À part, un très très petit nombre de vaticanistes, personne n’avait prévu l’élection du cardinal Bergoglio au siège de Pierre. Et moi qui ne suis pas vaticaniste, je ne l’avais pas prévu non plus.

Et j’avais encore moins prévu la suite.

La suite ? Comment dire ? Nous assistons, en effet, à un étrange spectacle. Nous voyons, par exemple, des cardinaux conclavistes racontant tranquillement et publiquement sur leurs blogs ou à la presse des épisodes du conclave. Ils ont pourtant promis sur les saints Évangiles de ne pas révéler un iota de ce qui se passerait dans la sainte enclave.

Je suis père de famille et j’ai appris à mes enfants qu’une promesse engageait et que les saints Évangiles n’étaient pas un livre parmi d’autres, mais la Parole même de Notre Seigneur. Devant ce spectacle, que vais-je leur dire désormais ? Qu’il y a une loi pour nous laïcs et une autre loi pour les cardinaux ?

Mais le spectacle ne s’arrête pas ici. Là aussi, comment dire exactement ? Les mots m’échappent pour décrire l’étrange situation à laquelle nous assistons. Situation tellement étrange que je suis même, ici, obligé de prendre mes précautions, en prévenant que ce que je vais écrire n’est pas une critique du nouveau pape.

Non, mais c’est une critique du bal des girouettes auquel nous assistons.
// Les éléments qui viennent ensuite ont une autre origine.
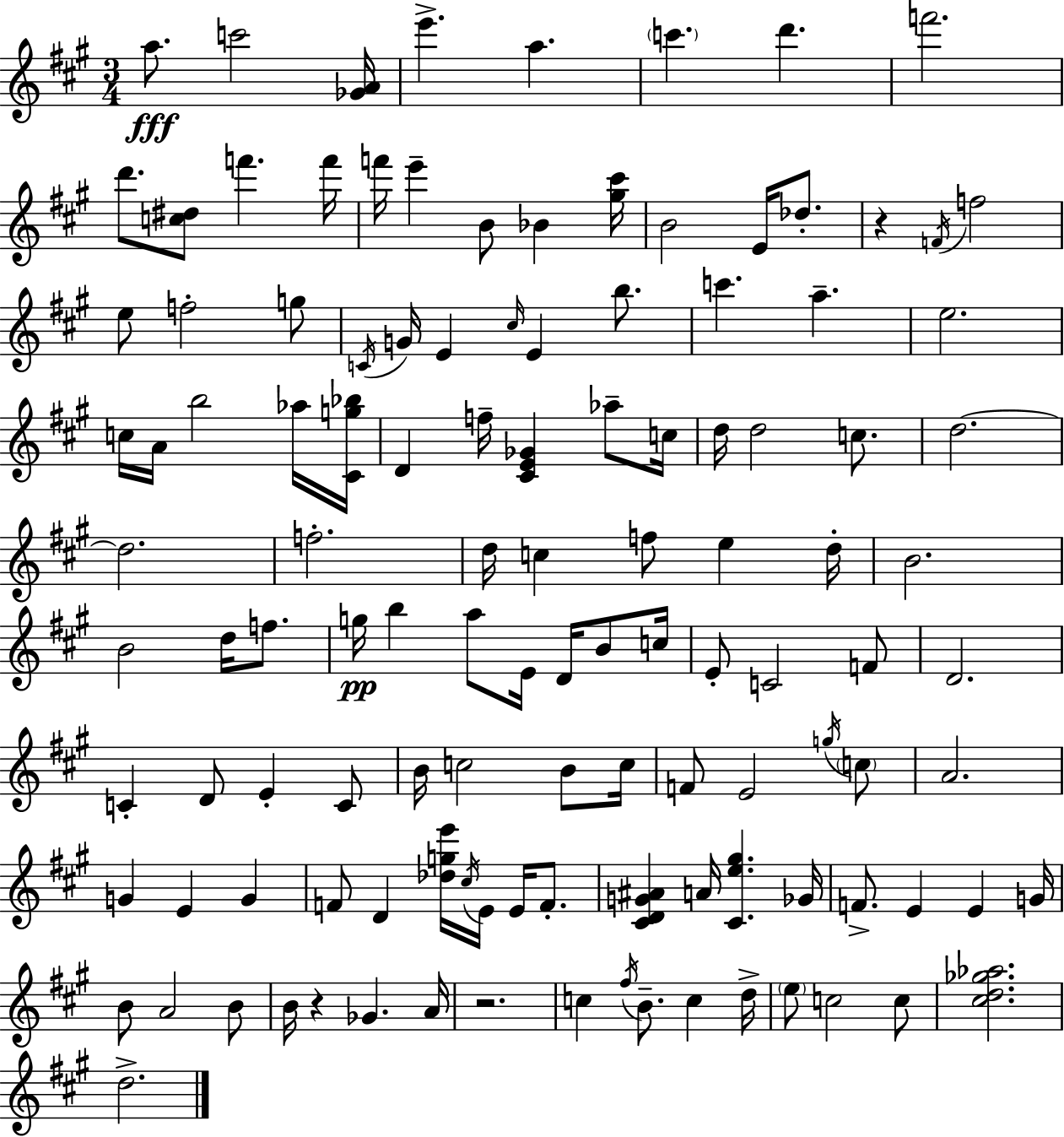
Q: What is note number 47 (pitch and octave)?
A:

Nous lisons sous la plume de sérieux vaticanistes – ceux qui hier se sont trompés du tout au tout et qui aujourd’hui n’en font nullement repentance – ; nous lisons donc que François Ier est le pape de la simplicité et qu’il est le pape de la rupture.
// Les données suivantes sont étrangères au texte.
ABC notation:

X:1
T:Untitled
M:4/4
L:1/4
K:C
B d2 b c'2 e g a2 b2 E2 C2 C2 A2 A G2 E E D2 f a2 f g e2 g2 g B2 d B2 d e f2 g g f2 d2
Pape de la simplicité ? Est-ce à dire que Benoît XVI n’était ni humble ni simple ? Est-ce à dire que saint Pie X n’était pas simple ? Est-ce à dire qu’aucun pape avant le pape actuel ne fut humble et simple ? Il y a là non seulement un emballement dans le commentaire – car tous ils disent la même chose – mais un mensonge.

Le site Benoît et moi l’a montré très justement à propos d’un fait précis et je renvoie à la lecture éloquente de cet article.
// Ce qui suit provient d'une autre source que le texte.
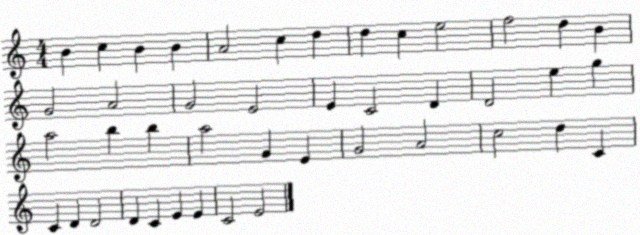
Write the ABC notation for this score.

François Ier, un pape de rupture ? Ceux qui écrivent de telles choses comprennent-ils les mots qu’ils utilisent ? En qualifiant ainsi un pontificat à peine commencé, sur un pontife dont on sait très peu de choses, mesurent-ils qu’au regard de la doctrine catholique ils torpillent celui qu’ils veulent encenser ?

La rupture n’a jamais été catholique puisque l’Église repose justement sur la transmission et la continuité. Certes un pape peut donner des inflexions et des directions nouvelles, mais s’il rompt avec ses prédécesseurs, d’une certaine manière, il se met hors course. C’est tellement vrai que Paul VI tout en assurant avoir introduit une « nouvelle messe » a tenu à dire qu’elle s’inscrivait dans la continuité de la messe précédente, ce que nous avons du mal à voir, avouons-le.

Les vaticanistes et les prélats qui parlent aujourd’hui nous montrent un spectacle affligeant. Hier, ils se réclamaient de l’autorité de Benoît XVI pour légitimer leurs prises de position et leurs actions. Aujourd’hui, ils n’ont que les mots de rupture, de changement, de transformation à la bouche. Un vaticaniste oppose même « l’autorité cléricale autoritaire » (sic) d’hier à « l’autorité d’estime » de celui qui n’a encore pris vraiment aucune décision. Les vaticanistes sont tellement collés à l’événement qu’ils sont submergés par l’émotion et incapables du moindre recul. Ils étaient hier pour Benoît XVI ; ils lui opposent maintenant François Ier. Ils brûlent ce qu’ils ont (trop) adoré, allant du connu à l’inconnu, drogués par l’effervescence et la chaleur romaine. Au lieu de maintenir la distance, ils se noient dans l’événement. Ce bal des girouettes va se terminer par un appel au Samu.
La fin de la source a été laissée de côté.